Table 5 presents the standard scores for the second age group (7–10.11), which includes 17 children. In contrast to “Band 1”, the first item of the “Manual dexterity” subscale demonstrates, for the minimum score of one, a noticeable difference in terms of time between the preferred and non-preferred hand. A child aged between 7 and 10.11 years achieving a time of 50 s with the preferred hand received a score of one, whereas achieving the same time with the non-preferred hand yielded a score of eight. Similarly, 45% of children made fewer than five errors within the second age group. Regarding the “Aiming and Grasping” subscale, akin to the first age group, the minimum attributable score was two, as only 10% of the population scored zero. The last subscale underscores that, for the final item, a score lower than two could not be assigned, as no child scored 0.

Table 6 presents the results of the third age group, comprising 20 children aged between 11 and 16.11 years. In this instance, no significant difference in timings between the preferred and non-preferred hands is observed. Concerning the third item of manual dexterity, it is noteworthy that 11 out of 20 of the reference population committed zero errors while performing task number three. Regarding the “Aiming and Grasping” subscale, the minimum attributable score for item 4 executed with the preferred hand was four, as the minimum score obtained was five, achieved by 4 out of 20 of the population. Conversely, the minimum attributable score for the non-preferred hand was one, as 10% of the population obtained a score of three. The “Balance” subscale shows that three-quarters of the population scored five in performing item 8 with the preferred leg, equating to a standard score of nineteen; this score differs by 10% when performed with the non-preferred leg.

Table 7. Percentiles.

Percentiles	Manual Dexterity	Aiming and Grasping	Balance
100°	55	38	57
75°	37	29	43
50°	26	19	34
25°	20	13	24
5°	11	4	10

shows the scores grouped by percentiles.

4. Discussion

This cross-sectional study aimed to assess the psychometric properties of the M-ABC2 in a population of Italian children with typical development, measuring test-retest reliability and establishing percentile ranks for the different subscales.

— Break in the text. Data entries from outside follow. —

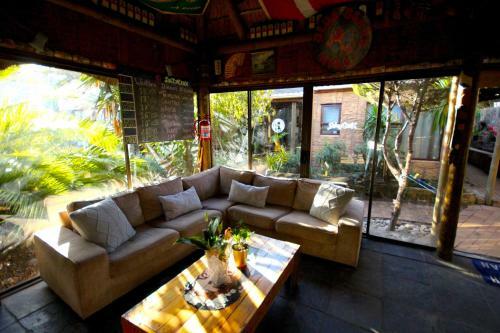 Saltycrax Backpackers And Surf Hostel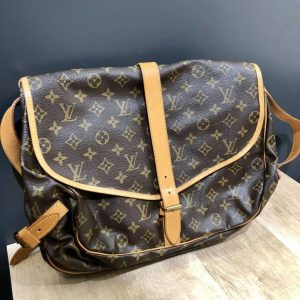 ルイ・ヴィトン Louis Vuitton モノグラム ソミュール40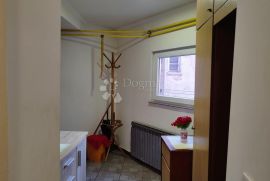 SLAVONSKI BROD - STAN NA TOP LOKACIJI, Slavonski Brod, Appartment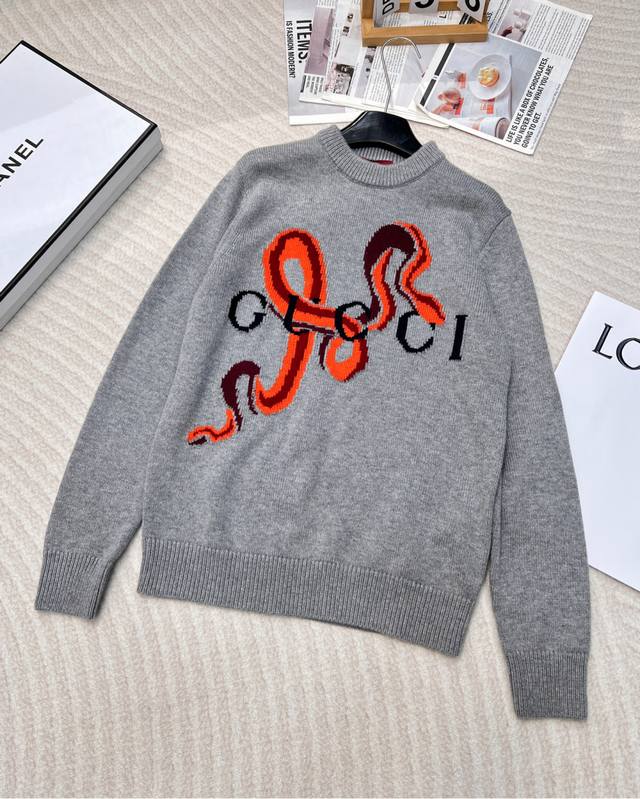 Gucci 2025 Ss Year of the Snake Limited Edition Snake Jacquard Letter Crew Neck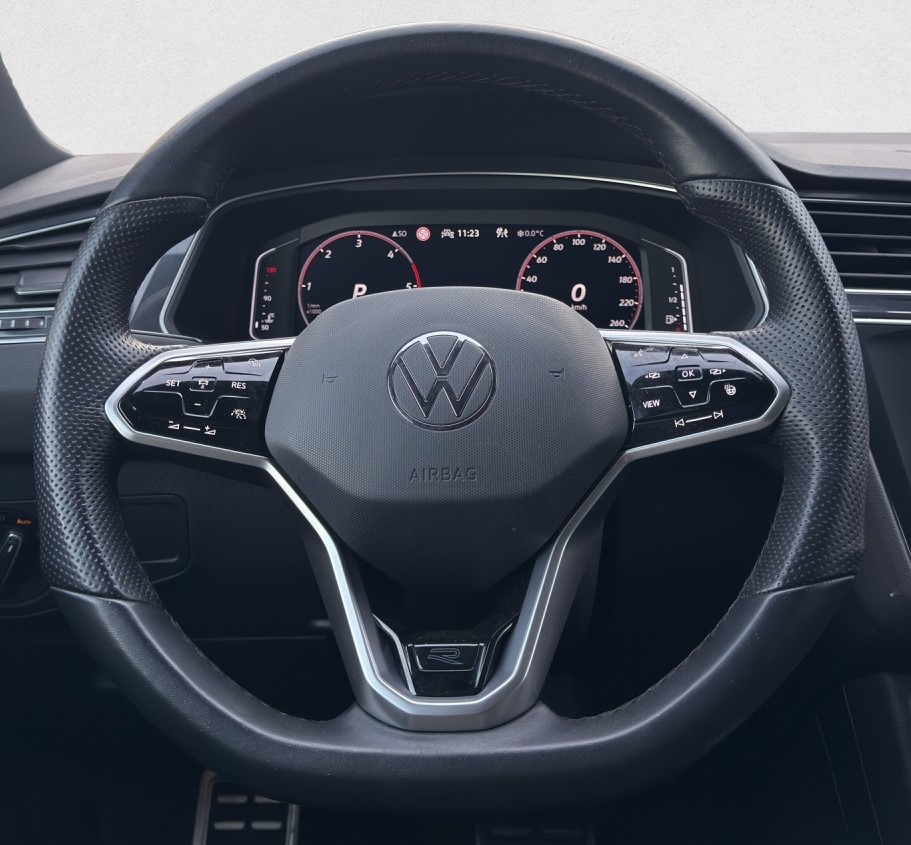 VW Tiguan 2.0 TDI SCR R-Line 4Motion DSG-image-8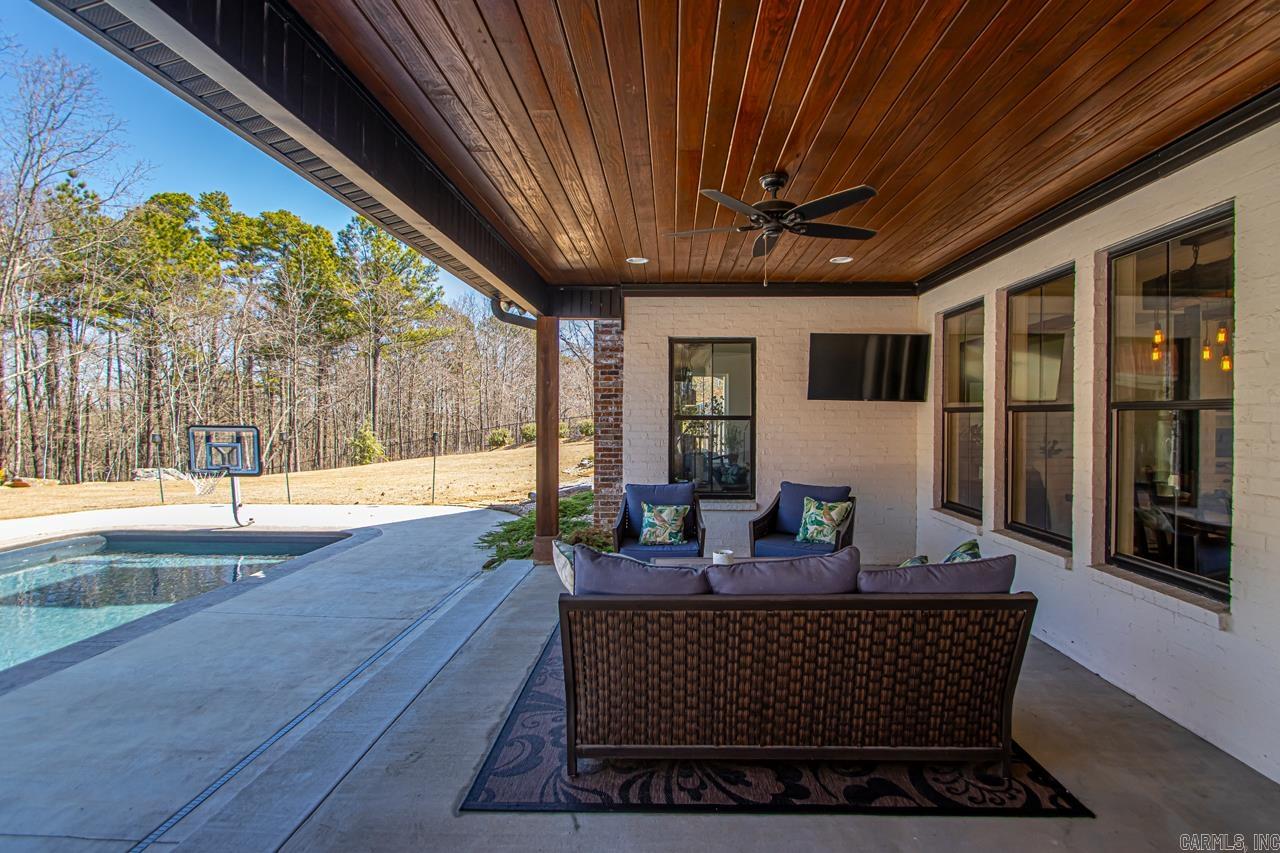1520  Midland  Alexander, AR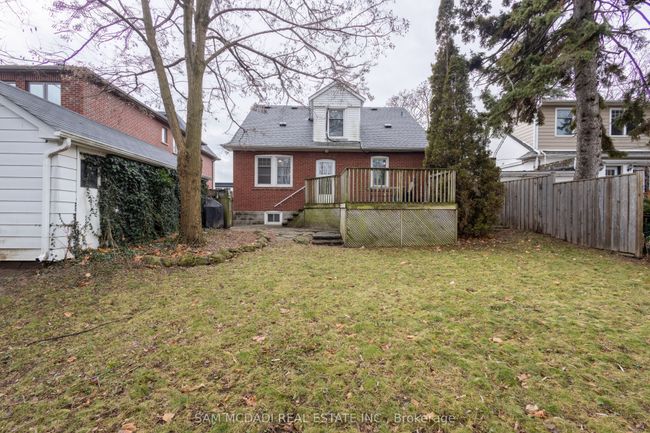11 Brant Ave, House other with 4 bedrooms, 3 bathrooms and 6 parking in Mississauga ON | Image 4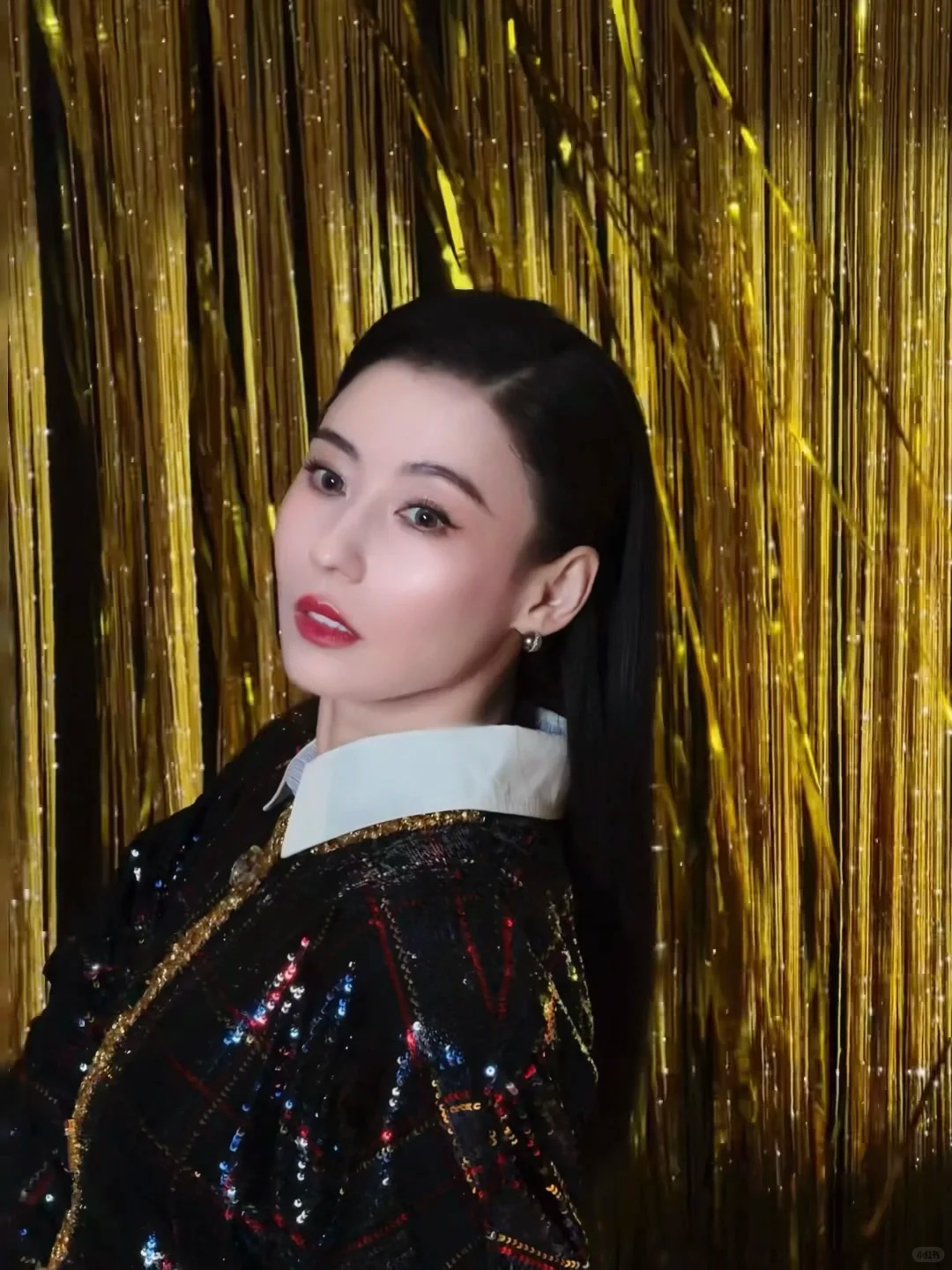 Soi n&eacute;t tướng ph&uacute; q&uacute;y của Trương B&aacute; Chi gi&uacute;p c&ocirc; giữ vững địa vị trong showbiz - Ảnh 3.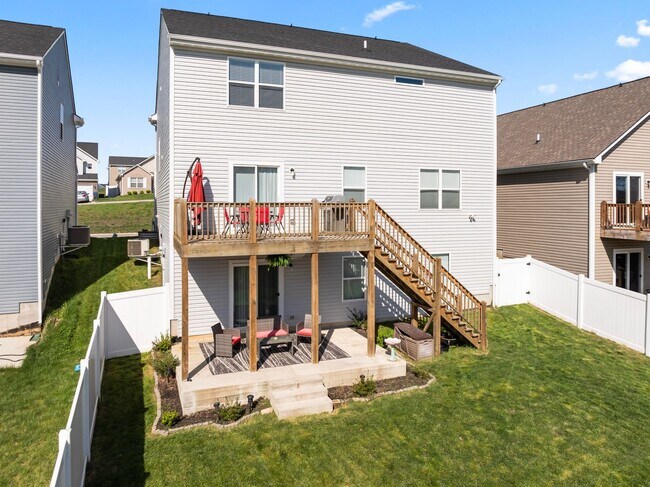 Building Photo - 8609 Warbler Br Wy
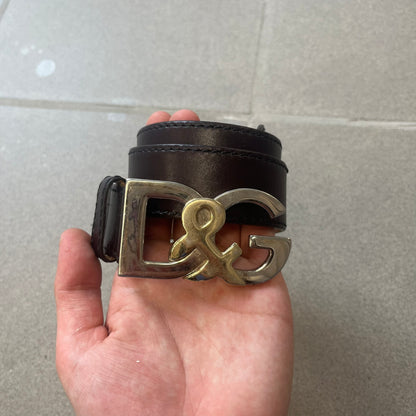 Dolce & Gabbana Kids Logo Brown Leather Belt features a brown leather strap with a cutout D&G logo buckle. The buckle combines a silver-tone “DG” design with a gold-tone ampersand detail. Made in Italy, the belt is crafted from 100% leather.
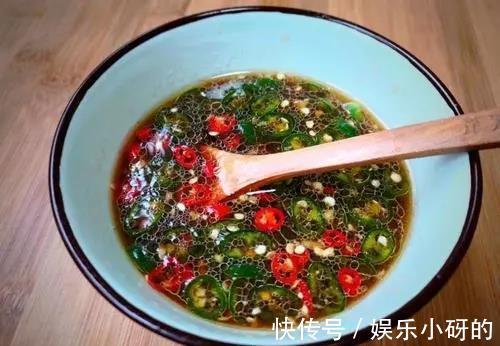 玉米淀粉|这道菜,让一个饭店火了30年,今天把配方教给大家,看完都收藏了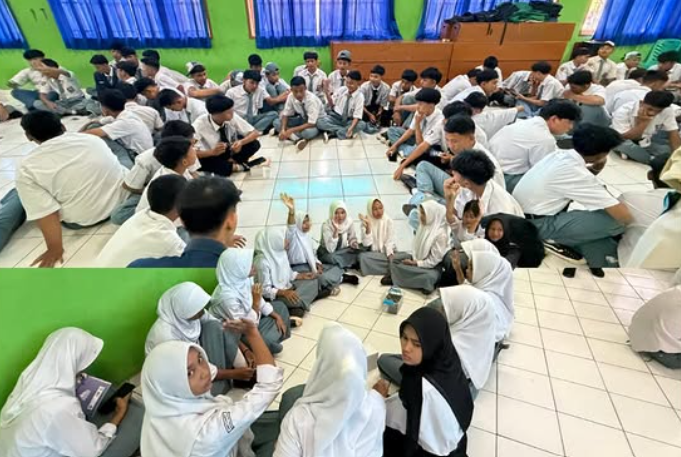The Center of Excellence (CoE) for Smart Agriculture at Teknokrat Indonesia University carried out community service activities at Yadika Vocational School, Bandar Lampung. – Center of Excellence - dezaci
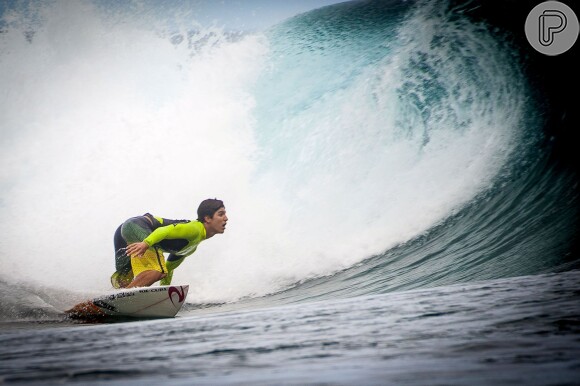 Gabriel Medina se destaca nas competições de surfe representando o Brasil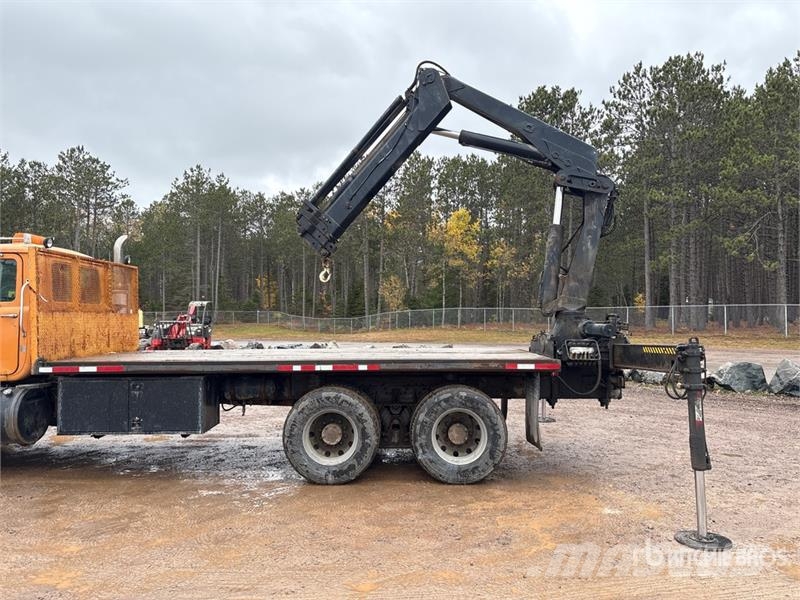 Mack RD688S Vlakke laadvloer met kraan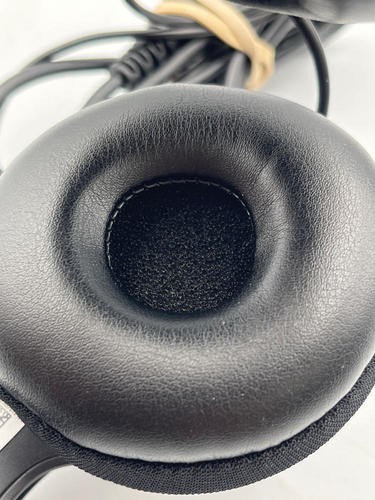 Logitech Zone 750 Wired On-Ear Headset with Advanced Noise-canceling Microphone - Picture 10 of 10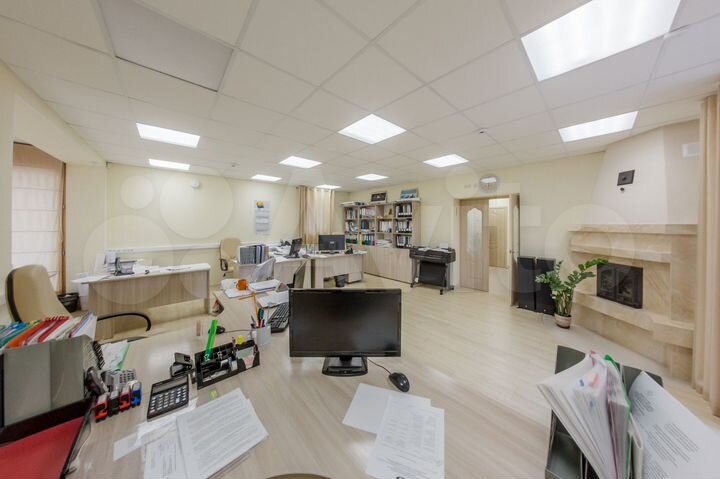 Продам офисное помещение, 207.9 м²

The study demonstrates promising test-retest reliability across various age groups, as indicated by the inter-class correlation coefficients (ICCs) ranging from 0.823 to 0.975. These findings suggest consistent measurement outcomes over time, reinforcing the reliability of the assessment tool. However, the presence of outliers in specific items necessitates further investigation into potential sources of variability and the validity of these measures. Notably, outliers in the ICCs, indicative of potential variability in test-retest reliability, were predominantly observed within age groups two and three. This phenomenon may stem from the limited sample size or the possibility of healthy children exhibiting immediate performance enhancements upon repeating the same task, a phenomenon commonly observed in psychometric assessments [27,28]. Previous research has also suggested that individual differences in motor development and learning capabilities may contribute to variations in test-retest reliability across different age groups [29]. However, further investigation is warranted to fully elucidate the underlying factors influencing the presence of outliers in correlation coefficients within specific age cohorts.

While the M-ABC2 is globally used, some psychometric issues have been identified in various countries. For example, in Germany, Wagner et al. [30] found problematic models in four motor tasks, raising concerns about discriminant and convergent validities. Similarly, in China, authors concluded that the reproducibility and validity of age band 1 in the M-ABC2 were poor, suggesting the need for adjustments to improve the test’s psychometric properties [31]. In Brazil, an analysis of M-ABC2 multidimensionality for children aged 7–10 years indicated the necessity of excluding three subtests to achieve a better-adjusted model [15]. However, there is a gap in the literature, particularly in Brazil, regarding a detailed adequacy analysis of the M-ABC2 for children aged 3–5 years. This gap was emphasized by Brown [16], who highlighted issues regarding context, item transition, and the assessment of one age group at a time.

The analysis reveals age-related differences in performance across various tasks, emphasizing the importance of considering developmental trajectories in assessing motor skills and dexterity. Differences in completion times and error rates were observed across different age bands, underscoring the dynamic nature of motor development during childhood and adolescence. The interpretation of the outcomes must consider the study limitations related to the small sample size and inadequate sample stratification within each age group. The findings suggest the need for further refinement of assessment tools to accommodate a broader range of skill levels.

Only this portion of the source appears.